Zucker - Markt setzt früher auf sinkende Knappheit
04.03.2010 | Eugen Weinberg (Commerzbank)
Die Preise für Zucker haben im letzten Monat eine rasante Talfahrt vollführt. Von seinem 29-Jahres-Höchststand bei rund 30 US-Cents je Pfund ist der Preis für Rohzucker in New York um 25% auf aktuell 22,6 US-Cents je Pfund abgesackt. Dieses drastische Nachgeben kommt zum gegenwärtigen Zeitpunkt überraschend. Offensichtlich hat sich der Markt dazu entschlossen, über die weiterhin bestehende physische Knappheit am Zuckermarkt hinwegzusehen, da sich im nächsten Erntejahr eine deutliche Entspannung abzeichnet. Wir haben deshalb unsere Prognose für das zweite Quartal auf 25 US-Cents je Pfund gesenkt.

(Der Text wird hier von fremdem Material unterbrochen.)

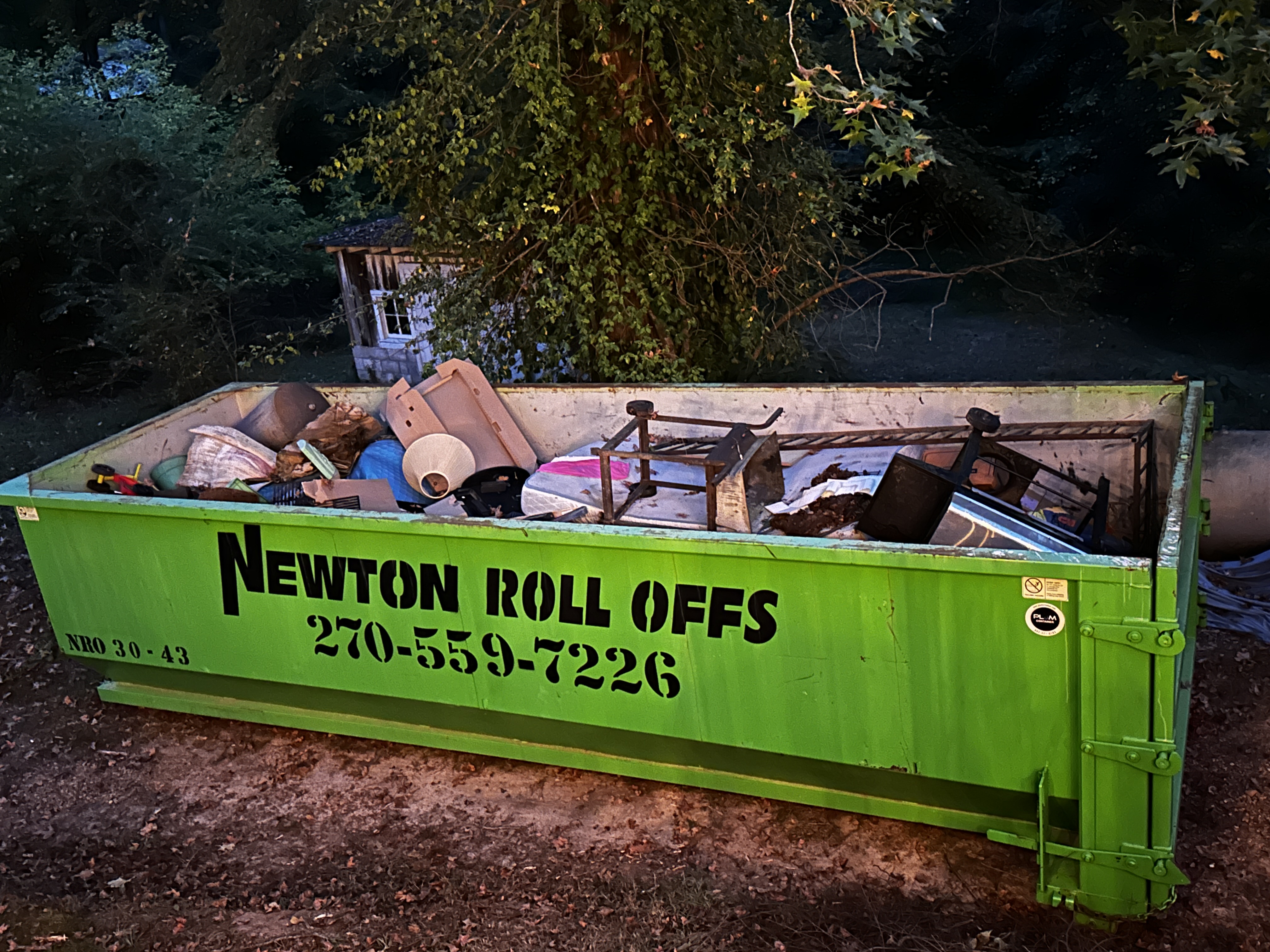 Image for Newton Roll Offs with ID of: 6930018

Die aktuelle Lage am physischen Zuckermarkt lässt sich als unverändert eng beschreiben, nachdem die weltweite Produktion besonders durch übermäßigen Regen in Brasilien und einen schwachen Monsun in Indien reduziert wurde. Die Schätzungen über das Marktdefizit im laufenden Jahr 2009/10 wurden deshalb wiederholt nach oben korrigiert. Noch in der zweiten Februarhälfte hatte der weltgrößte Zuckerhändler Czarnikow seine Defizitprognose um 10% auf 14,8 Mio. Tonnen angehoben.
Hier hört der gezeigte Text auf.